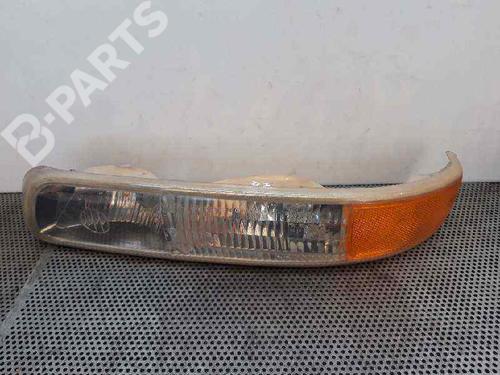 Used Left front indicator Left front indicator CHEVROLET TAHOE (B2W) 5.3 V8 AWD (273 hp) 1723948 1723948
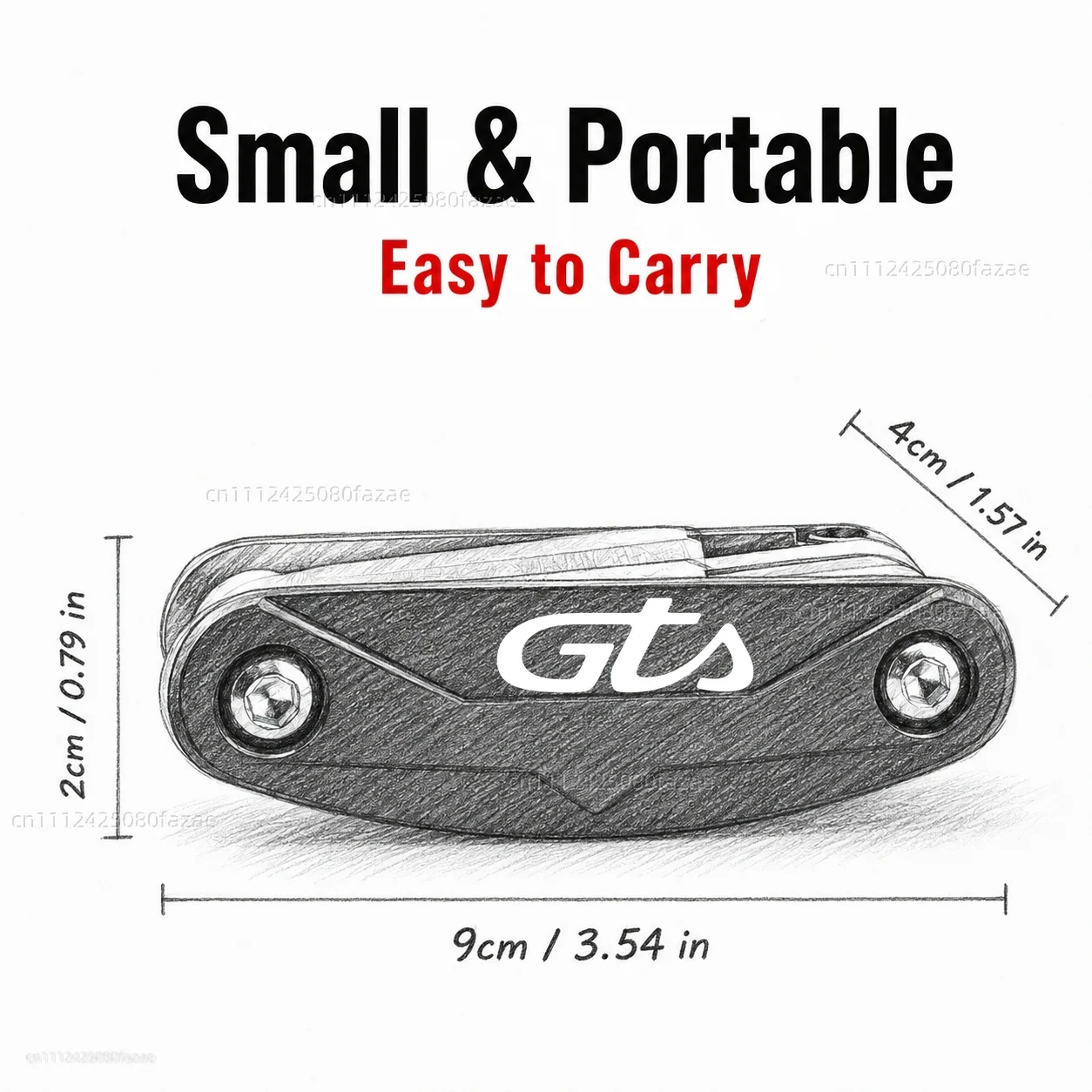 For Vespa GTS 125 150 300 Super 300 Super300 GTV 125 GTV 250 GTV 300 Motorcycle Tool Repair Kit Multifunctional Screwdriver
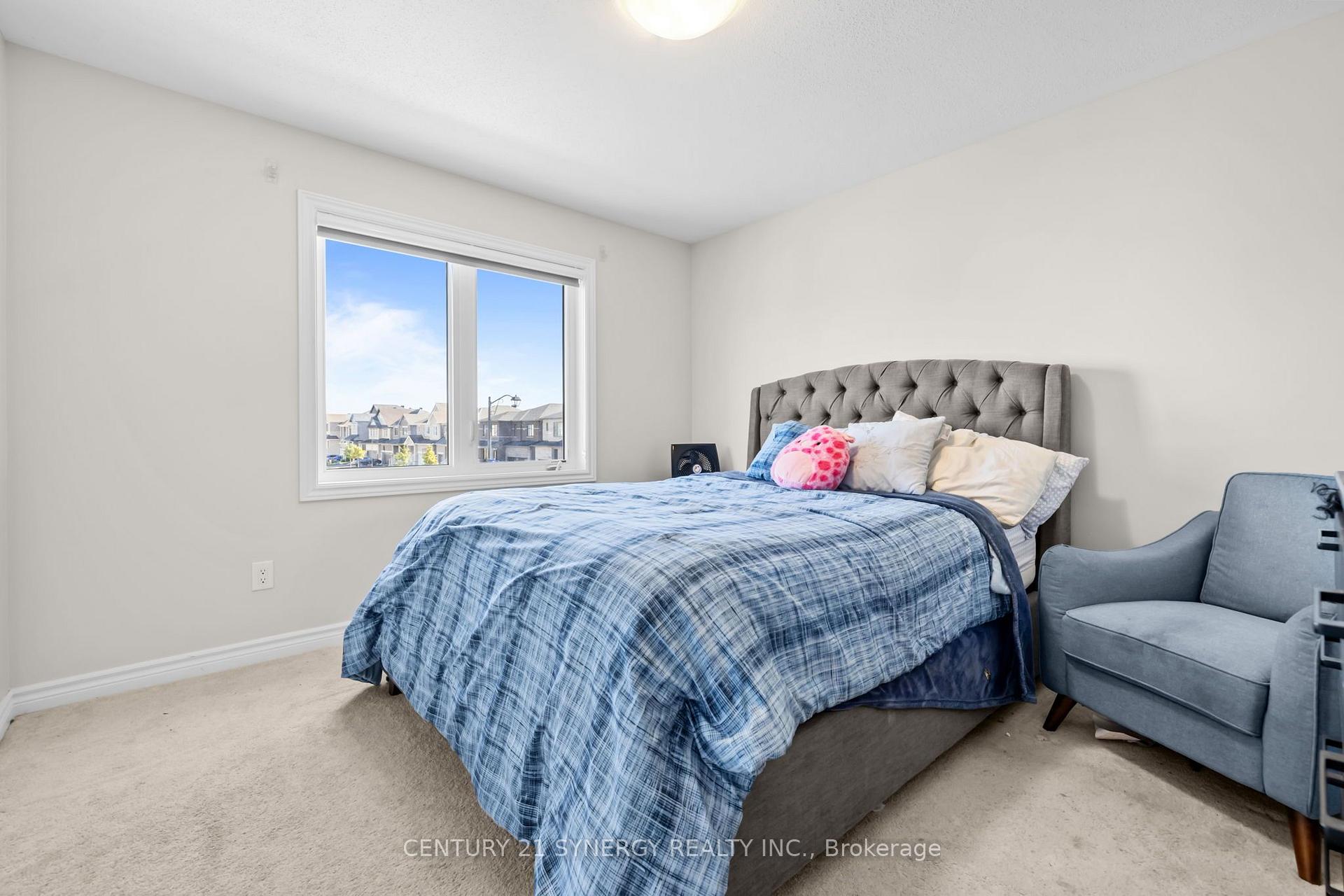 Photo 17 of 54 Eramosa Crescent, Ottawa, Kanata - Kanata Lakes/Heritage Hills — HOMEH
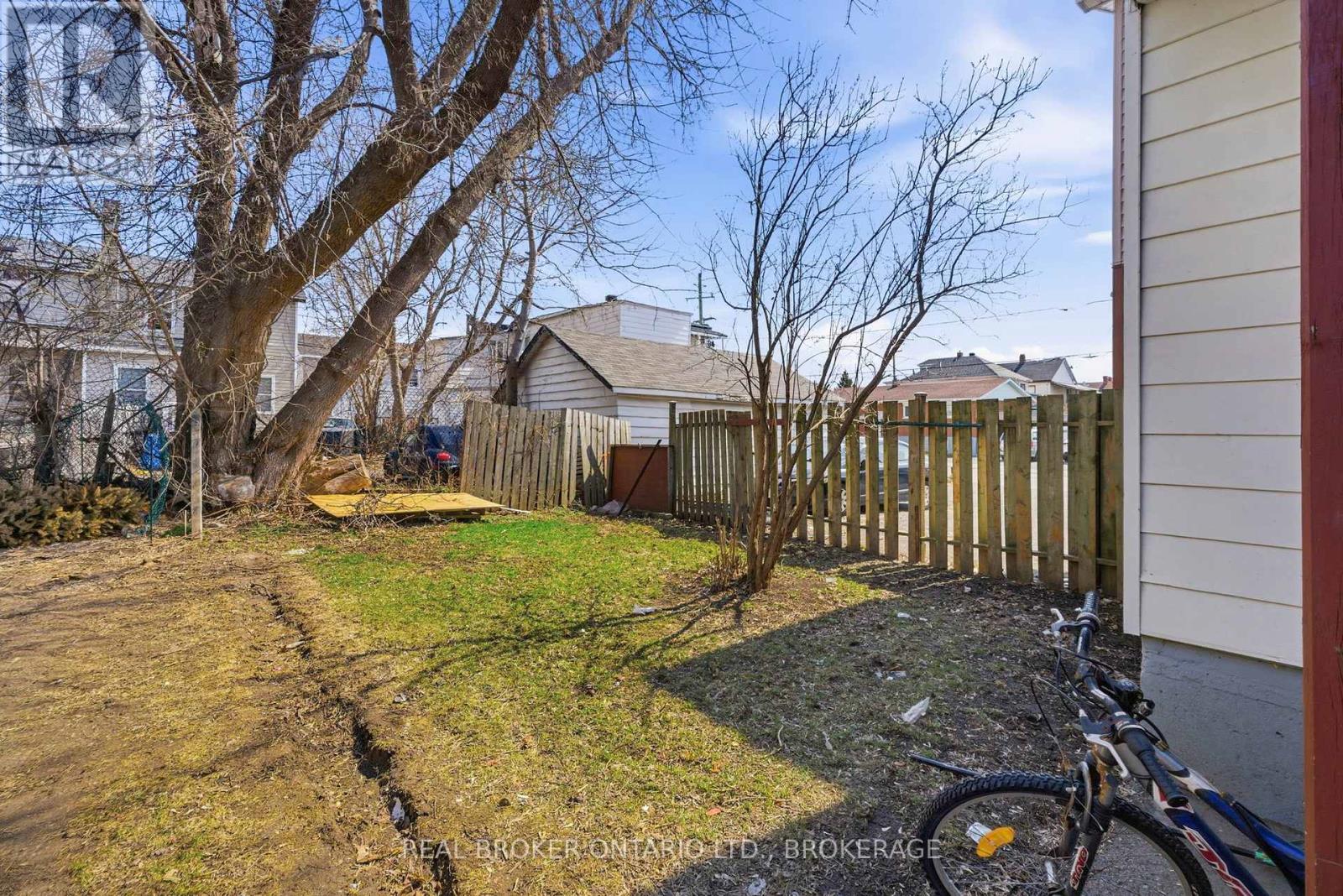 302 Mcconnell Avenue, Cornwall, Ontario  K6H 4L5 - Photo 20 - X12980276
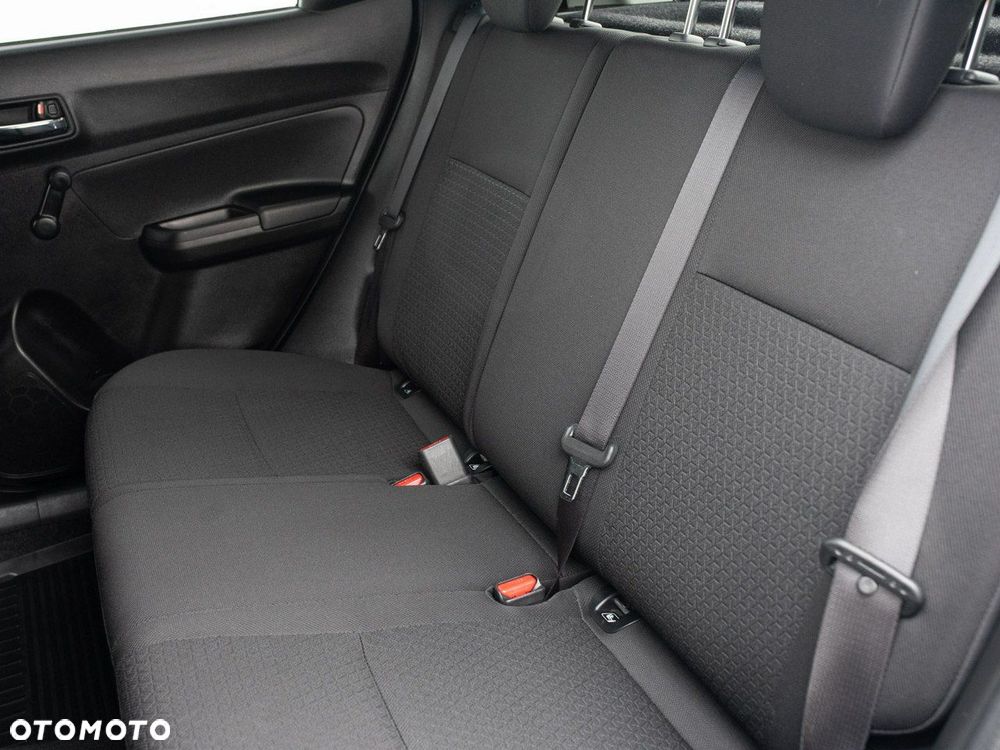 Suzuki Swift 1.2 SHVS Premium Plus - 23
◇ ◇ ◇ ◇ ◇ ◇ ◇
Print all of the records shown above exactly, leaving out each picture.

 Used Left front indicator Left front indicator CHEVROLET TAHOE (B2W) 5.3 V8 AWD (273 hp) 1723948 1723948
 For Vespa GTS 125 150 300 Super 300 Super300 GTV 125 GTV 250 GTV 300 Motorcycle Tool Repair Kit Multifunctional Screwdriver
 Photo 17 of 54 Eramosa Crescent, Ottawa, Kanata - Kanata Lakes/Heritage Hills — HOMEH
 302 Mcconnell Avenue, Cornwall, Ontario  K6H 4L5 - Photo 20 - X12980276
 Suzuki Swift 1.2 SHVS Premium Plus - 23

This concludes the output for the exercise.